Stored data:
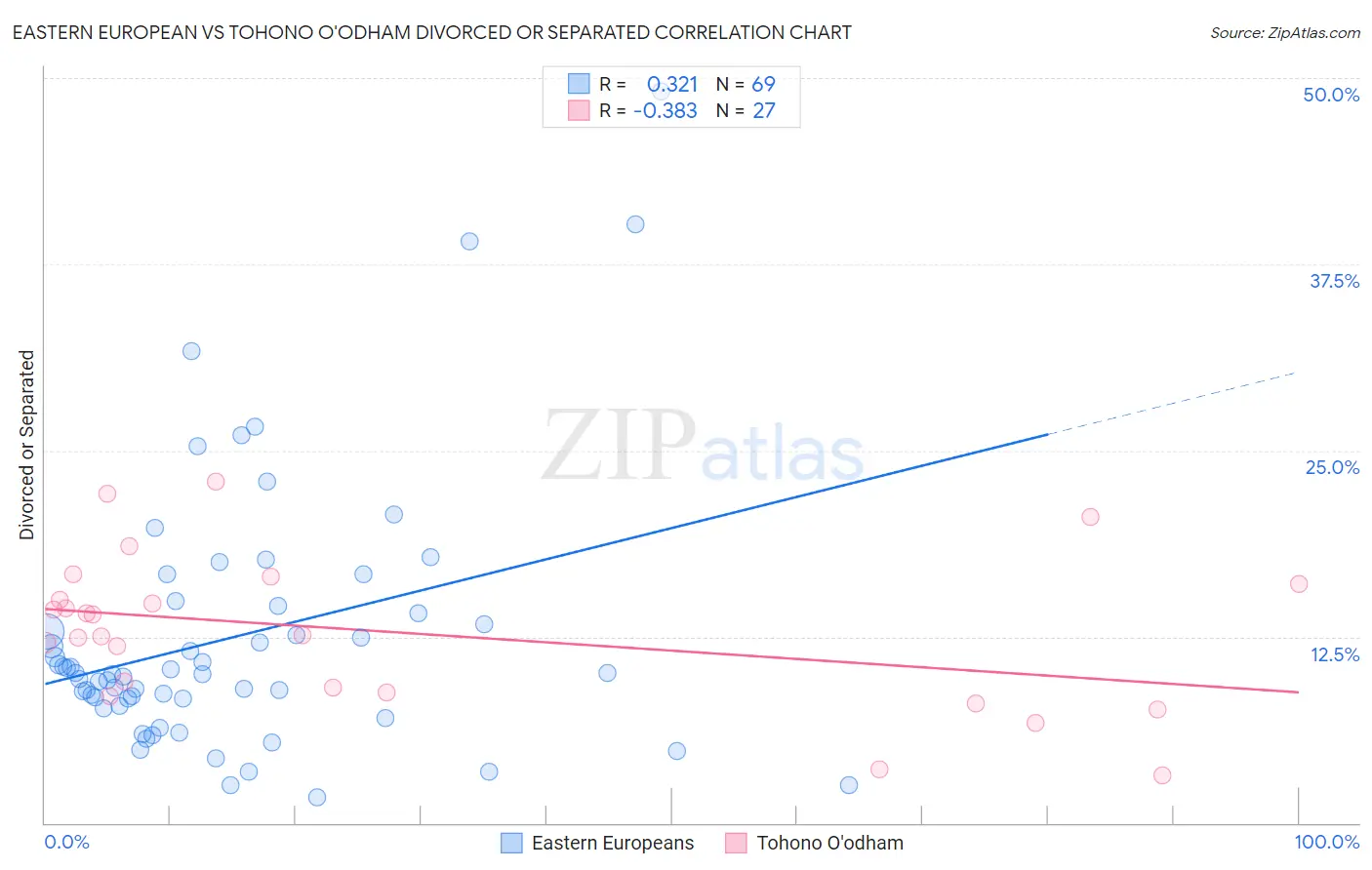 Eastern European vs Tohono O'odham Divorced or Separated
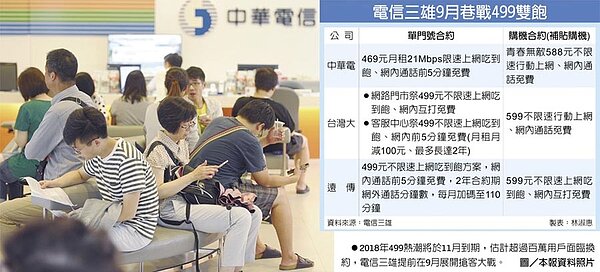 電信三雄9月巷戰499雙飽 2018年499熱潮將於11月到期,估計超過百萬用戶面臨換約,電信三雄提前在9月展開搶客大戰。圖/中時電子報資料照片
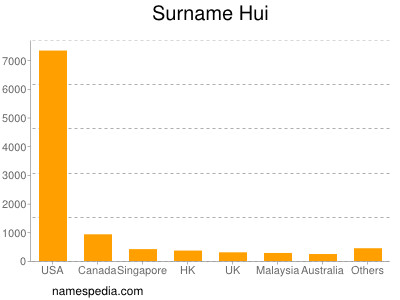 nom Hui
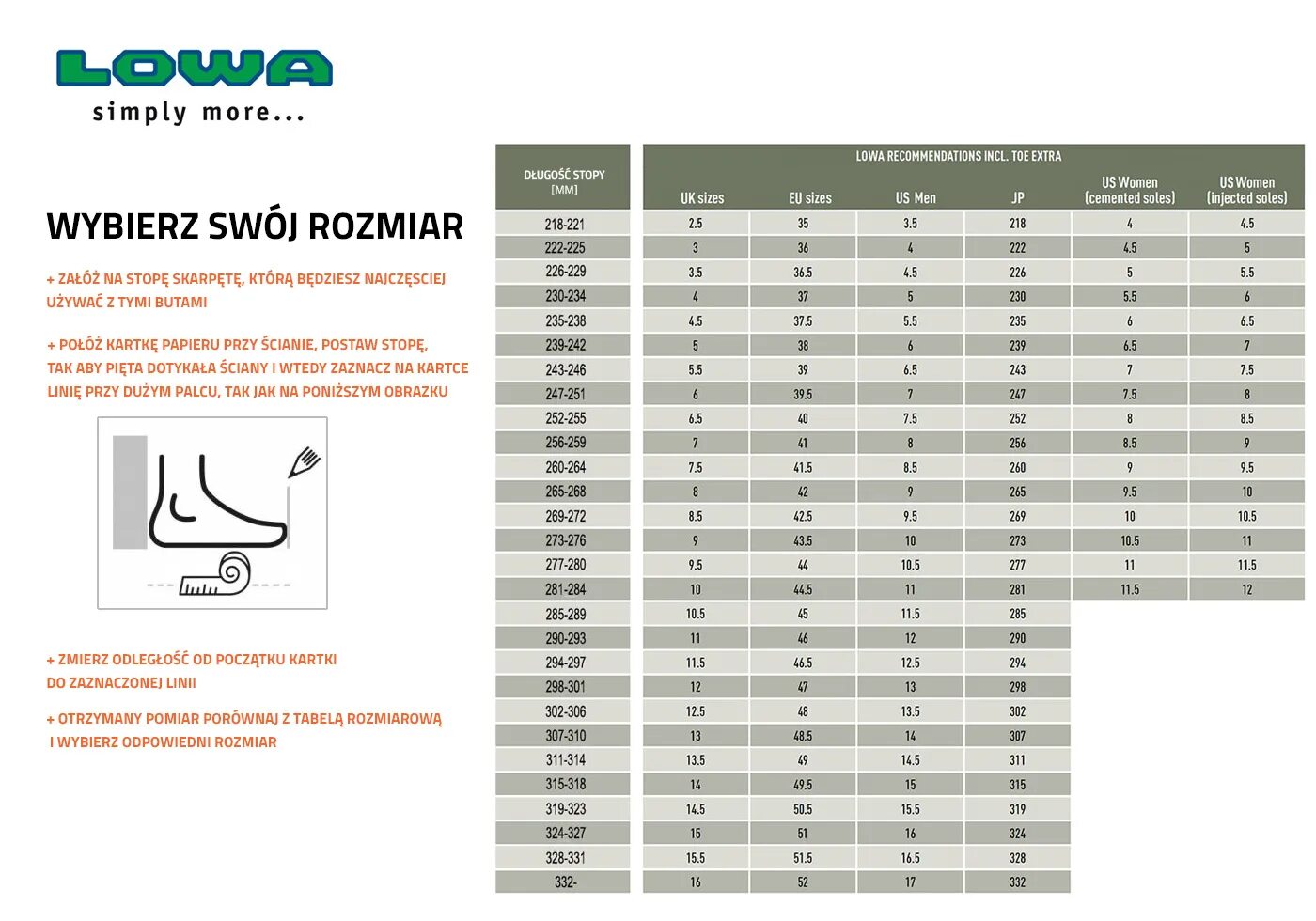 Таблица размеров обуви Lowa Zephyr. Размерная сетка лова Lowa. Lowa z6 Размерная сетка. Lowa Zephyr GTX Размерная сетка. Таблица лова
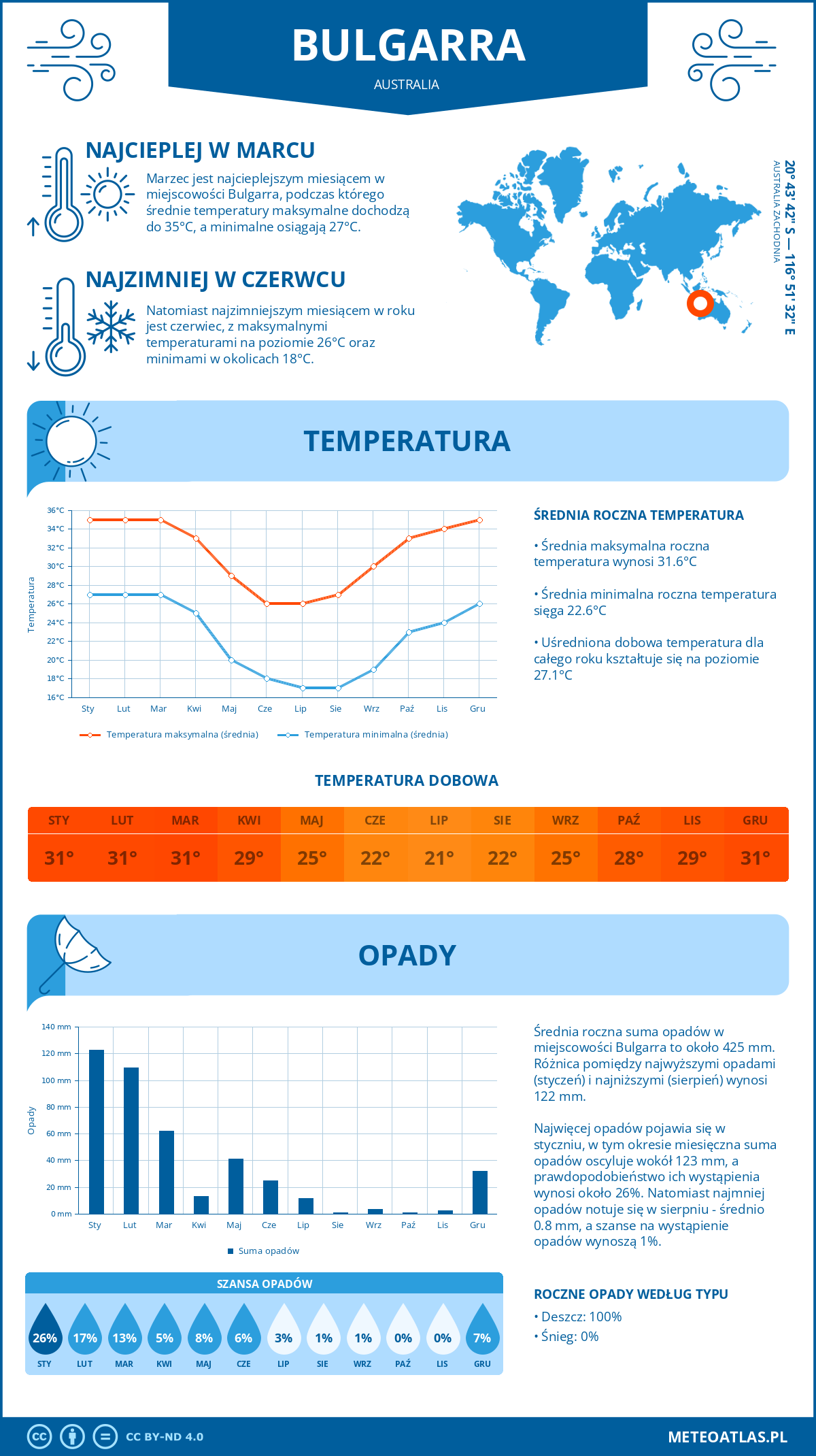 Infografika: Bulgarra (Australia) – miesięczne temperatury i opady z wykresami rocznych trendów pogodowych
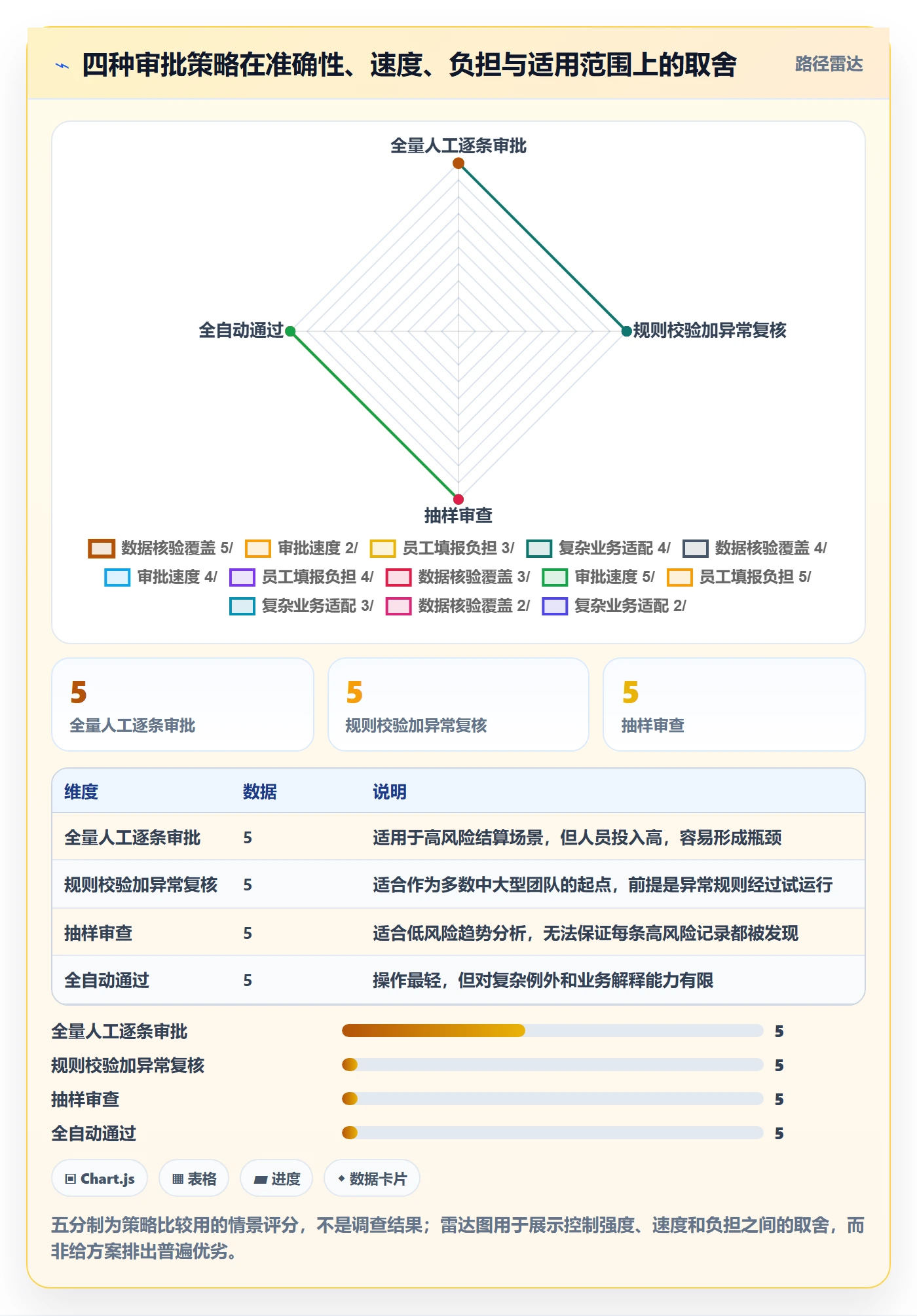 工时表如何做好审批？管理层实操方法与操作步骤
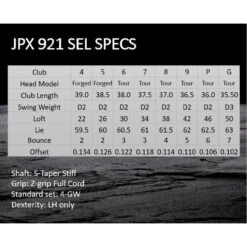 Mizuno JPX 921 SEL 4-PW GW Iron Set With Steel Shafts -Golf Sports Store JPX 921 SEL 4 PW GW Iron Set with Steel Shafts 2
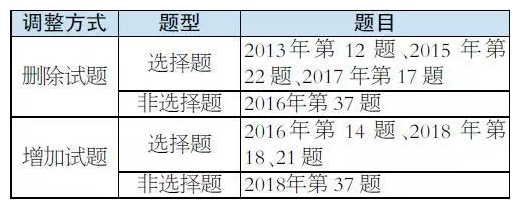 2019年北京高考北京卷《考试说明》历史调整方案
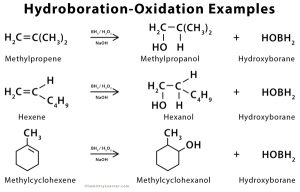 Hydroboration-Oxidation: Definition, Examples, And Mechanism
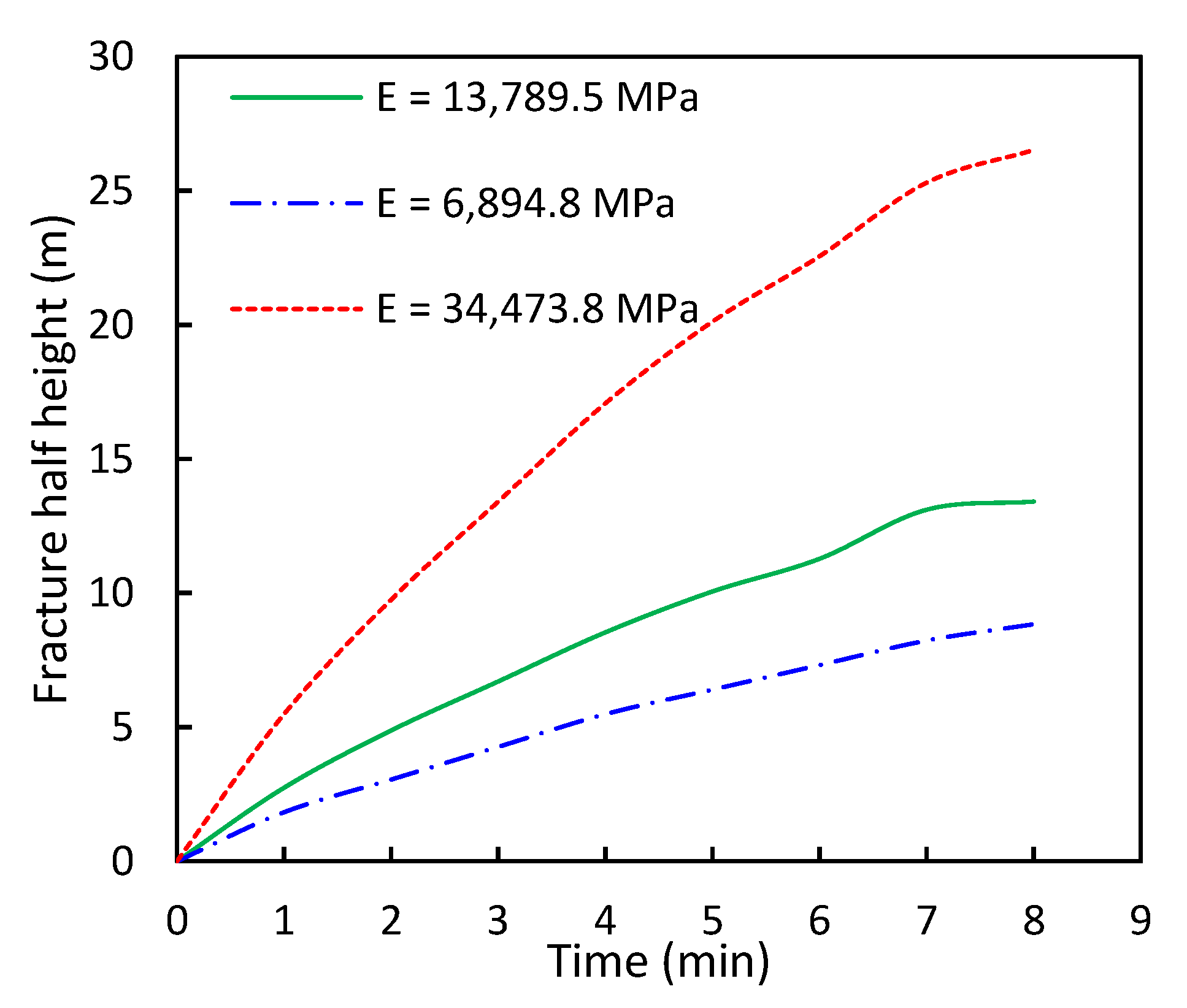 Processes 11 01566 g006 Processes 11 01566 g006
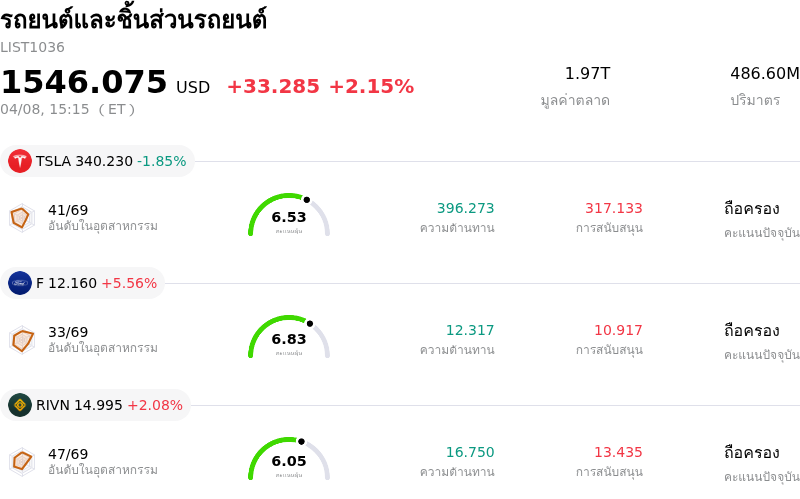 รถยนต์และชิ้นส่วนรถยนต์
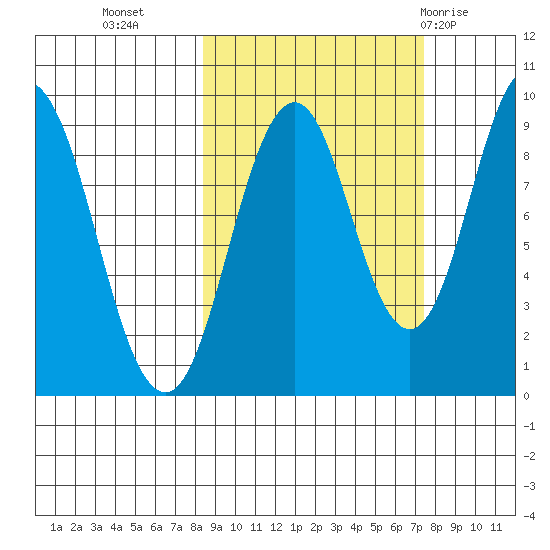 Tonki Bay tide chart for Thursday, October 6, 2022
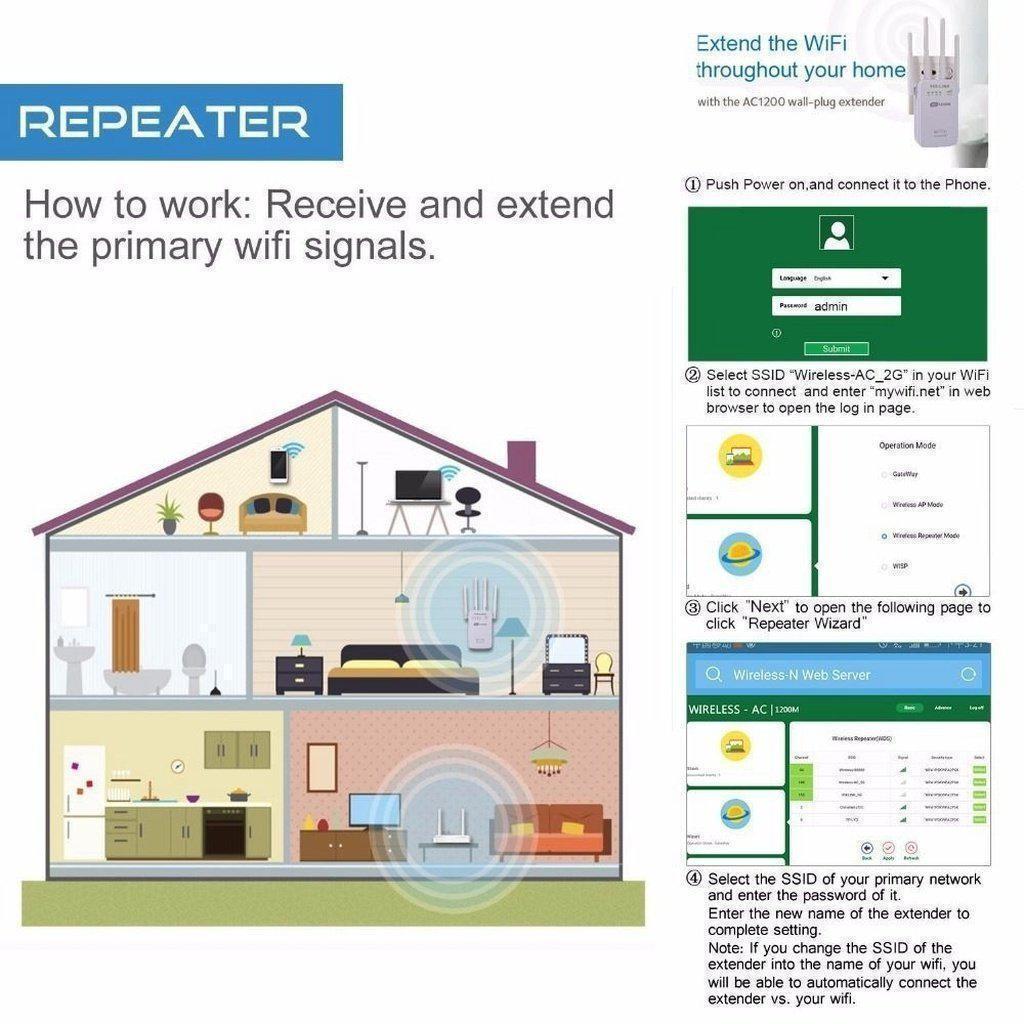 1200Mbps Dual Band 2.4/5G Wireless Range Extender WiFi - Balma Home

The task:
Everything from the line with "Infografika: Bulgarra (Australia)" through the line with "2019年北京高考北京卷《考试说明》历史调整方案" in the material above should be transcribed exactly, except the pictures.

Output of the task:
 Infografika: Bulgarra (Australia) – miesięczne temperatury i opady z wykresami rocznych trendów pogodowych
 工时表如何做好审批？管理层实操方法与操作步骤
 Mizuno JPX 921 SEL 4-PW GW Iron Set With Steel Shafts -Golf Sports Store JPX 921 SEL 4 PW GW Iron Set with Steel Shafts 2
 2019年北京高考北京卷《考试说明》历史调整方案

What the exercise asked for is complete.